Archive:Using SPARQL and RDF stores 1.7.1 - 1.9.2

From semantic-mediawiki.org
SMW admin manual
Installation
Configuration
Concept caching
Fixed properties
Using SPARQL and RDF stores
SPARQLStore
Pretty URIs
Troubleshooting
Repairing data and data structures
Extensions
Basic extensions
Semantic extensions
SMW user manual
Table of Contents

By default, SMW stores all data in the same relational database (usually, a MySQL database) that is used by MediaWiki. This ensures a simple setup, but a relational database is not an ideal type of storage for semantic data. A more natural data model for SMW data is RDF, a data format that organizes information in graphs rather than in fixed database tables. Fortunately, it is possible to use RDF-based systems, in conjunction with the standard SQL database, to manage and query SMW's data. This page explains the details.

Pros and cons of using an RDF database[edit]
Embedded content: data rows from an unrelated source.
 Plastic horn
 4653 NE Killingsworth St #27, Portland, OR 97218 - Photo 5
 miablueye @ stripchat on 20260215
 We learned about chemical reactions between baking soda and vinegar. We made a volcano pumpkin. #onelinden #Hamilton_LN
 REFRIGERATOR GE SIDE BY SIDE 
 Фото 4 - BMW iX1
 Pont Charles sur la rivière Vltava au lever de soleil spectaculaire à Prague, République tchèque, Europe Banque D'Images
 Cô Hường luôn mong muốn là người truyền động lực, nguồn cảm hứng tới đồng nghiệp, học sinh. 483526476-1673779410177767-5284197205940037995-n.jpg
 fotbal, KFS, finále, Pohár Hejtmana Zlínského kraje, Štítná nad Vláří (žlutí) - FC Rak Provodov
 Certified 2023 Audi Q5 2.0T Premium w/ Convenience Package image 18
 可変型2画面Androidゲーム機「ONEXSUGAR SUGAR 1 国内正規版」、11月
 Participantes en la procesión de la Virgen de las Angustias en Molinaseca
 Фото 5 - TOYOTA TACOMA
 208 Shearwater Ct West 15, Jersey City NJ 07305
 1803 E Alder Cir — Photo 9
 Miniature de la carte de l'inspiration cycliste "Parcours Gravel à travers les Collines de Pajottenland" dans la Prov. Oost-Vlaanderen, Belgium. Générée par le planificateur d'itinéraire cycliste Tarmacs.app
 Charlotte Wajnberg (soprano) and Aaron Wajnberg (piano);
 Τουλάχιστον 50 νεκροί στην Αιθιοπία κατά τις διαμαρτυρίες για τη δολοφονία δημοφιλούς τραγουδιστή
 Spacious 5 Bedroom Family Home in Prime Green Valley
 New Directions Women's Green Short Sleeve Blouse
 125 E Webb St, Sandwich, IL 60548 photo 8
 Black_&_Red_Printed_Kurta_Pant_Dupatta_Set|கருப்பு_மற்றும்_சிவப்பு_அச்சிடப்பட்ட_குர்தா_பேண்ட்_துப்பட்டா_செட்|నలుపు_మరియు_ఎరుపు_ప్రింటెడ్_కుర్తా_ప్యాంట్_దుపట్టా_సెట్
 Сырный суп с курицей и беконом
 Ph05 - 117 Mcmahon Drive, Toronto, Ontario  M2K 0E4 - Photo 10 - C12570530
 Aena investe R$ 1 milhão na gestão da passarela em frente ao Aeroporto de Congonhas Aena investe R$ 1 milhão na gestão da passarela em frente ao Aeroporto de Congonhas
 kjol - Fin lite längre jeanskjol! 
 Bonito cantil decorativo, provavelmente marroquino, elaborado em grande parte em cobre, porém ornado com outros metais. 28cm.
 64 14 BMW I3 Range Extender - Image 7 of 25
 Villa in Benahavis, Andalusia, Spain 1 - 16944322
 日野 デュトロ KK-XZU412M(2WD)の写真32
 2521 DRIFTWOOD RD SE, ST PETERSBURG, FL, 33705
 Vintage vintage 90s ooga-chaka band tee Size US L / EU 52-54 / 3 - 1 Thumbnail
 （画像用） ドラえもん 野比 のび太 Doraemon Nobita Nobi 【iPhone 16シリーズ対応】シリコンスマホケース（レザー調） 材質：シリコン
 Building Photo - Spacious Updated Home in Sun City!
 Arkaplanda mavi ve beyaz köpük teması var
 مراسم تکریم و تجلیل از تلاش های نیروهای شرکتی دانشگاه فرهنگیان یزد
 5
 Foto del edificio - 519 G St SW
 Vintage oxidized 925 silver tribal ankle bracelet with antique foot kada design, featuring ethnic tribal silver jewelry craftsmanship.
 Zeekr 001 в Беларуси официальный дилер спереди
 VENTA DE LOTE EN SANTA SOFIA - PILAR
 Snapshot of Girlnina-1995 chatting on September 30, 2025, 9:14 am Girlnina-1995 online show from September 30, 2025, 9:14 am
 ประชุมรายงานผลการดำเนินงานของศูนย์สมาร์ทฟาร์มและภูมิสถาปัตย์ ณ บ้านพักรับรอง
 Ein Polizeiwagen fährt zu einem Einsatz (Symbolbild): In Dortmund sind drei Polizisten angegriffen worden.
Whether or not to use an RDF store in a specific wiki depends on a number of factors, including the specific RDF database being used. Nonetheless, we can reasonably hope for the following advantages:

  • Better query performance
    RDF stores are designed to answer queries in the SPARQL query language. SMW queries can be expressed in this language much more naturally than in the SQL query language of relational databases. In this sense, SMW queries are a mostly typical use case for RDF database systems while they are a rather exotic use case for relational database systems. Moreover, many important optimization methods for relational database queries are useless or misleading for SMW queries. It can therefore be expected that RDF stores should provide superior query performance.
  • Additional interfaces
    RDF stores that support the SPARQL standard also allow other applications to ask SPARQL queries against their data without going via the SMW web frontend. This allows efficient use of wiki data in other applications. Some SPARQL-capable databases further support (parts of) the OWL 2 ontology language and provide according interfaces to query the stored data (e.g. via the OWL Link protocol). Semantic Web applications also use a number of common programming libraries (such as librdf or the OWL API) that can be useful for integrating them with other tools on a lower level.
  • Reasoning features and ontology-based data access
    Semantic Web languages such as RDF Schema and OWL provide additional expressive features for modeling, for example by allowing the declaration of derived classes or the declaration of further property characteristics (e.g. transitivity of properties). Some SPARQL-capable databases can evaluate these features for query answering, e.g. for ontology-based data access (OBDA), the method of creating "virtual views" on data by means of semantic modeling constructs.
  • Data integration and ontology re-use
    It is possible to store additional data in the RDF database that is updated by SMW. In this way, the RDF store can act as a platform for data integration and ontology re-use.
  • Physical separation of computing resources
    Using a database backend that is not the same as in MediaWiki provides an easy way to distribute tasks across multiple servers. In particular, complex queries can thus be prevented from affecting the basic operation of the wiki, even if they unexpectedly consume a prohibitive amount of computing power, i.e. if they kill the server that hosts the RDF database.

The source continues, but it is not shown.